Training baseline scores vary despite random seed fixed

I have been using prodigy to train a 'texcat' model like so:

python -m prodigy train textcat my_annotations en_vectors_web_lg --output ./my_model

and I noticed that the baseline score hugely varies between runs (0.2-0.55). This is even more puzzling to me given fix_random_seed(0) is called at the beginning of training.

I tracked down these variations to be coming from the model output so I created a minimal example to re-create this behaviour:

import spacy

component = 'textcat'
pipe_cfg = {"exclusive_classes": False}

for i in range(5):

    nlp = spacy.load('en_vectors_web_lg')

    example = ("Once hot, form ping-pong-ball-sized balls of the mixture, each weighing roughly 25 g.",
                {'cats': {'Labe1': 1.0, 'Label2': 0.0, 'Label3': 0.0}})

    # Set up component pipe
    nlp.add_pipe(nlp.create_pipe(component, config=pipe_cfg), last=True)
    pipe = nlp.get_pipe(component)
    for label in set(example[1]['cats']):

    # Set up training and optimiser
    optimizer = nlp.begin_training(component_cfg={component: pipe_cfg })

    # Run one document through textcat NN for scoring
    print(f"Scoring '{example[0]}'")
    print(f"Result: {pipe.model([nlp.make_doc(example[0])])}")
    print(f"First layer output: {pipe.model._layers[0]([nlp.make_doc(example[0])])}")

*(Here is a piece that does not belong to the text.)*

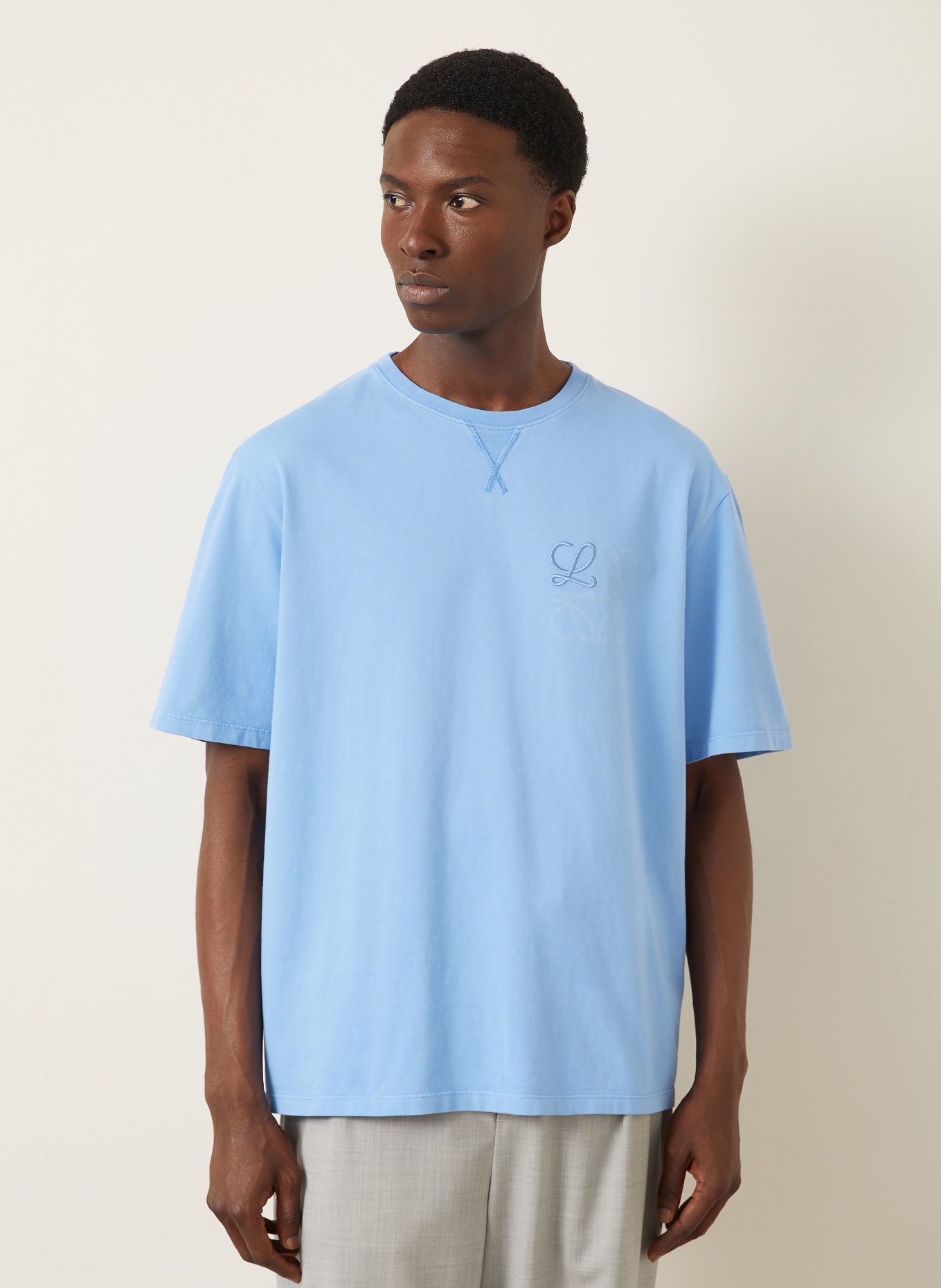 LOEWE T-Shirt: HELLBLAU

Calling fix_random_seeds should create the same output given a fixed seed and no weight updates as far as I understand. It does indeed in the linear model but not the CNN model if I understand the architecture of the model correctly (
So the output from the first half of the first layer stays the same for each iteration but the second half does not (last line printed out at each iteration).

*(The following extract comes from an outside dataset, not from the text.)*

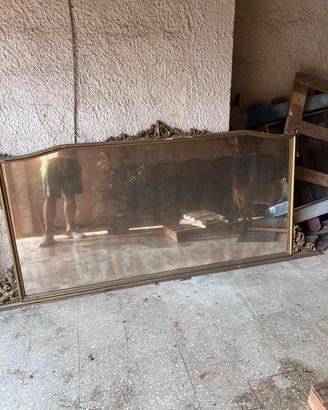 Antico specchio gigante ideale per locali, negozi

Is this expected behaviour?

My setup:
Python 3.7.7

Thanks for the report, and no, this isn't expected behaviour. We've had a number of these bugs that introduce non-deterministic behaviour, which is definitely undesirable. GPU has been particularly affected by this but sometimes it's crept into the CPU models as well.

As you point out it's an issue in spaCy rather than Prodigy. If you like you could make an issue on the tracker and link this thread there. I'm also happy to make the thread instead if you don't have a Github account or would rather not take the time.

I think spaCy v2.3 has some fixes for non-determinism that might address this case. But if not, we definitely want to track it down.

In spaCy v3 we're adopting an integration with Data Version Control, which checksums trained assets. This will make non-determinism much more prominent in our workflows, which should allow us to address this problem.

Thanks for getting back to me so quickly @honnibal. I have raised this as an issue on GitHub now.